Why the 50% Rule May Disrupt Capital Markets
Technique criticizes the edge as arbitrary for a number of causes:
Digital asset valuation adjustments quickly, which means an organization might transfer out and in of eligibility throughout worth volatilityAccounting requirements differ globally and would complicate constant classificationIndexing methodology might unintentionally turn into tied to market swings relatively than fundamentals
Beneath these circumstances, Technique believes MSCI might be compelled into fixed recalculation whereas firms oscillate throughout the edge purely due to token worth actions, not operational enterprise shifts.
Technique warns that this inconsistency would introduce volatility straight into index building itself, one thing the agency believes contradicts MSCI’s position as a “impartial and standardized” market reference.
Learn Extra: Technique Eyes $4.2B Bitcoin Conflict Chest After $10B Revenue, Will It Double Down Once more?

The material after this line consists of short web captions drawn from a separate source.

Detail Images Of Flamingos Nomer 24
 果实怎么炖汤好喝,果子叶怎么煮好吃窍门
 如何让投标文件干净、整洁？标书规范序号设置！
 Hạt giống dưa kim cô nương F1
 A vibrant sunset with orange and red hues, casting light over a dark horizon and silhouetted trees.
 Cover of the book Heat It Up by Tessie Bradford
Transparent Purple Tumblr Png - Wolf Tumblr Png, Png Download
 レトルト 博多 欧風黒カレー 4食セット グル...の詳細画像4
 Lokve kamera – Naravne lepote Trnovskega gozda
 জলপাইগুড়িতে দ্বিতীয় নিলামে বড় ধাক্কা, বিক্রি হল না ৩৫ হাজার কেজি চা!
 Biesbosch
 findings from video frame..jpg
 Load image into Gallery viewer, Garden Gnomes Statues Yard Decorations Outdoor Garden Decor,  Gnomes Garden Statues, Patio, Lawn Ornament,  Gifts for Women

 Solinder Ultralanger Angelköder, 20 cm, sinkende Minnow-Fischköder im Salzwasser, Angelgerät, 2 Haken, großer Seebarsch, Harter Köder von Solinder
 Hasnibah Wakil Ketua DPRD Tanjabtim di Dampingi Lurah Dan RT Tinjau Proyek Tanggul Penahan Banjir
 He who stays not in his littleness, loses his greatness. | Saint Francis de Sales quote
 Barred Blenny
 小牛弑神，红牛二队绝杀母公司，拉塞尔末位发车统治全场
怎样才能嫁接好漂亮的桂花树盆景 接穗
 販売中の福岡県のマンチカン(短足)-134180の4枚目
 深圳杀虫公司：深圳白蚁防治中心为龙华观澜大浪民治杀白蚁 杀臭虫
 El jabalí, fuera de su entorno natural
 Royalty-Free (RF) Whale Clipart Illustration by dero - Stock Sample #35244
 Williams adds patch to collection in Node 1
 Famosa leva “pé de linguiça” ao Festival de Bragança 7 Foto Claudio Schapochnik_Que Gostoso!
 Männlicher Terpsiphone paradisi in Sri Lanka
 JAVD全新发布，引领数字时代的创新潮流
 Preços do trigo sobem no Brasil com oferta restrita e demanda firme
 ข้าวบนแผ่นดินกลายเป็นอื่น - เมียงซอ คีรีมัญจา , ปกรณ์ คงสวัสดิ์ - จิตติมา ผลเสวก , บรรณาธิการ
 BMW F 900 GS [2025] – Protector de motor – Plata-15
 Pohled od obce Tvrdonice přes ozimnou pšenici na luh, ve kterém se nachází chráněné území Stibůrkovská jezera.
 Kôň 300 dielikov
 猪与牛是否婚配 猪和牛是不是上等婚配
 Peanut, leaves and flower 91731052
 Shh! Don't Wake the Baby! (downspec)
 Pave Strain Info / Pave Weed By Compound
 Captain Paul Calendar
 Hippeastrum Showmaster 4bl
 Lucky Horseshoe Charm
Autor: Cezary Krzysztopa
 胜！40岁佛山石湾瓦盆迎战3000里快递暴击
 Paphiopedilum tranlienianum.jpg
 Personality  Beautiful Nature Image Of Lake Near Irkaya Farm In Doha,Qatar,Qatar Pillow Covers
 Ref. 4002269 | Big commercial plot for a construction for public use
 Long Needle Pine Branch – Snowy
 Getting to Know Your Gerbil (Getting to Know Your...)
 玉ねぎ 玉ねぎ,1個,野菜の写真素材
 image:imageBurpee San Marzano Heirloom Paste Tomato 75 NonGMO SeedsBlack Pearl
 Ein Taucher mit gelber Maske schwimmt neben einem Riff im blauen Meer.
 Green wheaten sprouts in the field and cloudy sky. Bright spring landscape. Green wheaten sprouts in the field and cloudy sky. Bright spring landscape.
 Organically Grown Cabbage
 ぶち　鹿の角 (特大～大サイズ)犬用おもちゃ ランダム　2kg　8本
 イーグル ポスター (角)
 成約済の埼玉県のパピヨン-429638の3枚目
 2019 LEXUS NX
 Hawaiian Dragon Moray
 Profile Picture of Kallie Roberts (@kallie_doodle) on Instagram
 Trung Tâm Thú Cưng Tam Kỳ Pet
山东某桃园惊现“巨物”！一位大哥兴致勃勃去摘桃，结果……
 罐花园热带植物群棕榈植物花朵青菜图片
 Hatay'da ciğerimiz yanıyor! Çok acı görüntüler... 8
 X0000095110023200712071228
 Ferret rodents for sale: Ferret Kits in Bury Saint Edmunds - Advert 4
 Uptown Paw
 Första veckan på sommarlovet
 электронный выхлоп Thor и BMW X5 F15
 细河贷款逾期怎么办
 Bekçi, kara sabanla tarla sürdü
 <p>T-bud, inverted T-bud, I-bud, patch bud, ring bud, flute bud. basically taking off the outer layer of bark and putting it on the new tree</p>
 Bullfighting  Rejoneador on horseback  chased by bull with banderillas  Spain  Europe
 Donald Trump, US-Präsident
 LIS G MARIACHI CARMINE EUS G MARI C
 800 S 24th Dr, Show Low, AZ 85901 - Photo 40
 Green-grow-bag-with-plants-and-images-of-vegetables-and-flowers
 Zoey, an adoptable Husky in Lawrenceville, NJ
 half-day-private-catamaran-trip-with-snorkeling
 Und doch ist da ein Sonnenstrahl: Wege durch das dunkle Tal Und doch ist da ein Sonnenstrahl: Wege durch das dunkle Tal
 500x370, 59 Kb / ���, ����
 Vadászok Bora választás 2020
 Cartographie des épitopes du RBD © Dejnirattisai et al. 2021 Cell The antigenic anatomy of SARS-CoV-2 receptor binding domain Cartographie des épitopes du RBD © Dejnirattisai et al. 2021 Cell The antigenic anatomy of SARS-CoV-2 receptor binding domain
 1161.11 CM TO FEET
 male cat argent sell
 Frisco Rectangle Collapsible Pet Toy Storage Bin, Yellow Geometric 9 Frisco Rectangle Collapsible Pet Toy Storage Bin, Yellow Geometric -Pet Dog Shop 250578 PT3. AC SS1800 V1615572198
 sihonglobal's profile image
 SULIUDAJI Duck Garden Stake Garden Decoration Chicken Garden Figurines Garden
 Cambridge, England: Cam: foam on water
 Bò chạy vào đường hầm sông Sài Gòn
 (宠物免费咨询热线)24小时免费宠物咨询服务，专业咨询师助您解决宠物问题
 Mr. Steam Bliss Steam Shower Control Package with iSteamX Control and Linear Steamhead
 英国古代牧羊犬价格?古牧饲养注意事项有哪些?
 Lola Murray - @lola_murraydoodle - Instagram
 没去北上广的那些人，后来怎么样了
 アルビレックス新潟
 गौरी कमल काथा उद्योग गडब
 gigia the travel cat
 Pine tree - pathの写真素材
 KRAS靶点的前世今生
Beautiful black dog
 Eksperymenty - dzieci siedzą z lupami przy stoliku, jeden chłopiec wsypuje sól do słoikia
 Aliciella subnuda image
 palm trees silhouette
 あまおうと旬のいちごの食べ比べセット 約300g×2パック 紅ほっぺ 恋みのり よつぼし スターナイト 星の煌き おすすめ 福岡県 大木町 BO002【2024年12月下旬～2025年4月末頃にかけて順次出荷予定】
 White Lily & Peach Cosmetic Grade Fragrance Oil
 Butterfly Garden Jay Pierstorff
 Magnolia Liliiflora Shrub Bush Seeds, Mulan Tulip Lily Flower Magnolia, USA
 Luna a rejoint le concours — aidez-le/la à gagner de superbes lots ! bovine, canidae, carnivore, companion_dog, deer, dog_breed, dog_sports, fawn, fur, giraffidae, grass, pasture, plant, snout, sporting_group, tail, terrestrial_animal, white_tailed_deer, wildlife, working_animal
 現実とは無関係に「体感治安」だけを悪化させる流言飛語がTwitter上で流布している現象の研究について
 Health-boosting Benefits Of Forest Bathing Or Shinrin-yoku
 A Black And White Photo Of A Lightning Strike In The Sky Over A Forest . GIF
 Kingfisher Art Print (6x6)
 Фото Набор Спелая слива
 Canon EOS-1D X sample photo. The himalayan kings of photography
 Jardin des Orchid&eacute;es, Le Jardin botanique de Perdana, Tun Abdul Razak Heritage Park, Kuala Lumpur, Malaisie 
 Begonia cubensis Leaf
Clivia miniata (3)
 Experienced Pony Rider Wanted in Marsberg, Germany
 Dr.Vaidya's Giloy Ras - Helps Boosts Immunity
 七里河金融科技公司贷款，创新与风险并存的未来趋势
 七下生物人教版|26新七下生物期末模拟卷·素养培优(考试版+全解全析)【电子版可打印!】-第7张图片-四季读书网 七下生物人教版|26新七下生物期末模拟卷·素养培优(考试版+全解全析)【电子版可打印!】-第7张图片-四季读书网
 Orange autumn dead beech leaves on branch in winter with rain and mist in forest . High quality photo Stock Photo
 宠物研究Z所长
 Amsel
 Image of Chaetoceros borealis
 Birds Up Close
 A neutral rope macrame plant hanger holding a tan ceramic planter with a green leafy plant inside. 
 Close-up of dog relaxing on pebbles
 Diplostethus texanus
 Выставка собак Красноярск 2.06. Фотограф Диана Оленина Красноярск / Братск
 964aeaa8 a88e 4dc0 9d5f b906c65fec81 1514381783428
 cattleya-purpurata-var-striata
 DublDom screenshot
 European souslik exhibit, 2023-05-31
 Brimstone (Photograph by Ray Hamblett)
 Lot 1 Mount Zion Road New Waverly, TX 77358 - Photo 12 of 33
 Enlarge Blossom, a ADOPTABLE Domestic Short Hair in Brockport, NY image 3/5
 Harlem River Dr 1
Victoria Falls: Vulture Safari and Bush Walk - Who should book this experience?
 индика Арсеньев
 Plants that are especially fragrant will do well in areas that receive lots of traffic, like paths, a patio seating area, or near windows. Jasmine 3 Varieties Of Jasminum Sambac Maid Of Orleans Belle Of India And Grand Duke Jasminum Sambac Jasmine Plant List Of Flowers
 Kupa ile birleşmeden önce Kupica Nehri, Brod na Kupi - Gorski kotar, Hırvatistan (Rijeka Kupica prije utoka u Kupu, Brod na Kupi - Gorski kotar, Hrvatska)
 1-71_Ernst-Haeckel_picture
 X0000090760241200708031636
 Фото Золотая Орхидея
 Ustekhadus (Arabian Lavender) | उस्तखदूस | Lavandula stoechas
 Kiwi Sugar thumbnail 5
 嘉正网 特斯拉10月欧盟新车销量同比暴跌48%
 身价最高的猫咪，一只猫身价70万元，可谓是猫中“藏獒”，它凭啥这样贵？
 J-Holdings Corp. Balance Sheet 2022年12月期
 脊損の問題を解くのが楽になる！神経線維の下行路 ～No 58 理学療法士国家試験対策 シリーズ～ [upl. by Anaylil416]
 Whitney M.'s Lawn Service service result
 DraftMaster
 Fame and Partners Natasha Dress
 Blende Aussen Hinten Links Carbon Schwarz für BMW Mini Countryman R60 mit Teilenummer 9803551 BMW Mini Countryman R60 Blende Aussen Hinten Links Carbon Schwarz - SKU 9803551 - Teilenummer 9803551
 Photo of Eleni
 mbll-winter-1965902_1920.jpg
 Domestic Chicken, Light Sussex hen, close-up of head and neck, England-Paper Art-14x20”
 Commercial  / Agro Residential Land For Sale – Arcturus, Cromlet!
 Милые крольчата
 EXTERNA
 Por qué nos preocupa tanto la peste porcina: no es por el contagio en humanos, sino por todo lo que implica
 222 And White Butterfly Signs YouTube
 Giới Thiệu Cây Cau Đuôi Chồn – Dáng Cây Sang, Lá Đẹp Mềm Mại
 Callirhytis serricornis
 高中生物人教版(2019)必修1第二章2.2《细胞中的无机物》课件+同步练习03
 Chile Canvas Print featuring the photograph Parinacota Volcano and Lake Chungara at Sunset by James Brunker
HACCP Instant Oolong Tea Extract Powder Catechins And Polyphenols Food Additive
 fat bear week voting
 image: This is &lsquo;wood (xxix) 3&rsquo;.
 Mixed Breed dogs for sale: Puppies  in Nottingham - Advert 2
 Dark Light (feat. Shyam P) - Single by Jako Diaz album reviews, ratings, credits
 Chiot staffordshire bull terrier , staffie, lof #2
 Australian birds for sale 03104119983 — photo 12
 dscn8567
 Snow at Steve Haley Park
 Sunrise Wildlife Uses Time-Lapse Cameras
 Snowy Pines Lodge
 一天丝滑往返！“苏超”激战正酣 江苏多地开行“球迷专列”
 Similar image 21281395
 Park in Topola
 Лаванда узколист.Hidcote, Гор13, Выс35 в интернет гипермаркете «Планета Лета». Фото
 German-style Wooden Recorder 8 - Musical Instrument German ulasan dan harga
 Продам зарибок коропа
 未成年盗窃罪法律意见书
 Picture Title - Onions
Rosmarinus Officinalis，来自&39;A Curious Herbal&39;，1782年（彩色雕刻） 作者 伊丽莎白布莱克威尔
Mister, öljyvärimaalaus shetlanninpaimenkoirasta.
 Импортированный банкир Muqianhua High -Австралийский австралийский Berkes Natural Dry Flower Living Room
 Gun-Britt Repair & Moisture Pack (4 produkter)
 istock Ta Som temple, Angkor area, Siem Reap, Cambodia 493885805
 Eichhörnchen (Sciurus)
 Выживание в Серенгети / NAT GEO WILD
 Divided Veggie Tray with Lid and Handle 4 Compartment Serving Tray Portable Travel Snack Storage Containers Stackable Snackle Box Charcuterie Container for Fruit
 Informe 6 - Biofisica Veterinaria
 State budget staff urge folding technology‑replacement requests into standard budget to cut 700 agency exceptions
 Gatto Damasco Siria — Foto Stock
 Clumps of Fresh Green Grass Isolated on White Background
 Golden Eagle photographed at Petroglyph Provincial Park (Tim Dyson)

Threat to U.S. Digital Asset Management and Innovation
Technique mentions that the omission to incorporate DATs would undermine U.S. positioning in a time when the federal government is actively within the improvement of digital belongings. The corporate claims that the trendy setting of america is shifting towards institutional-scale digital-asset helps, with references to Treasury path, the event of SEC coverage, and bipartisan legislative momentum all by means of the course of 2024-2025.


The corporate believes that the provide of MSCI contradicts the efforts of the U.S. to take care of management in international digital finance, token infrastructure, and blockchain-based capital formation.
The response of technique is that international indexing requirements should not be prejudiced in making structural conclusions earlier than the underlying expertise has been mature sufficient.
Institutional Capital Publicity at Stake
Apart from coverage points Technique factors out the short-term sensible impact, billions of passive capital invested in MSCI indices can be compelled to maneuver out of companies reminiscent of Technique.
The automated allocation of capital to constituents is completed by fairness funds that observe indexes derived by MSCI. With out it, the corporate wouldn’t have entry to these flows of passivity and this could undermine entry to institutional liquidity.